Stars are moving more or less randomly. Therefore it's necessary to look at a sufficiently large population of stars or galaxies to get a distance estimate that way. For low red-shifts this doesn't work reliably. For larger red-shifts, the gravity part plays a minor relative role, as long as one looks at usual stars.

A region of high gravity can be detected by gravitational lensing effects. So this source of error can be avoided by working properly.

Einstein's "blunder" was the assumption, that the universe needs to be static on large scales. Therefore he induced a non-zero cosmological constant to avoid the universe to expand or collapse. He could have predicted the big bang by assuming the constant to be zero.

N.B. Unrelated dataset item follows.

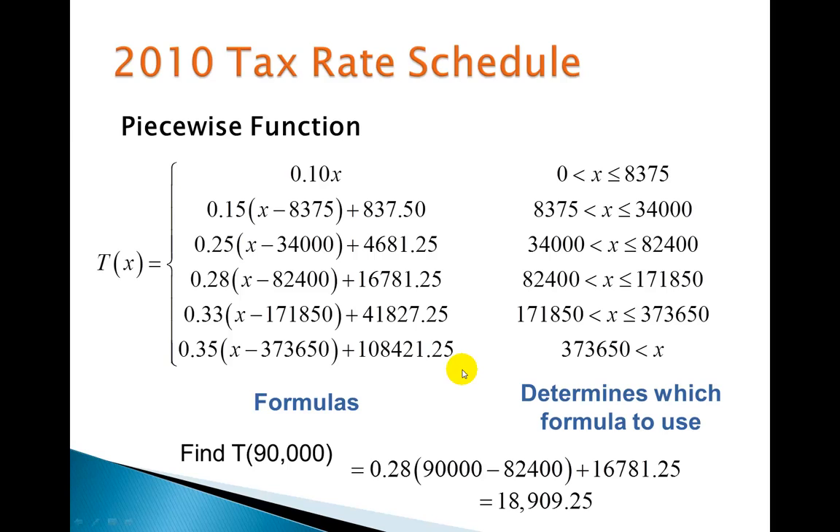It's basically a two-step process: first, figure out where your number fits to determine which formula to use. Then plug your number in and calculate. Remember, the key thing about being a function is we want one result — we're only using one of those formulas. Thanks, have a good day.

Looking further away means looking into the past, when the universe has been denser.

A hollow-world scenario with a dense shell, heavy enough to cause the observed redshift would probably collapse rapidly to the shell. If the shell as a whole doesn't collapse, kind of anti-gravity provided by a cosmological constant or function would have to be provided. But this would probably also annihilate the red-shift, thus not consistent with observation.

In a collapsing universe objects would look blue-shifted instead of red-shifted. The degree of blue-shift would be dependent of the way the collapse would take place.

These things are relevant to be considered to exclude an option of an alternate spacetime which could explain observations. I could recommend reading more about the Planck results, that many options are actually considered, e.g. starting with this blog, then continuing with the original Planck papers.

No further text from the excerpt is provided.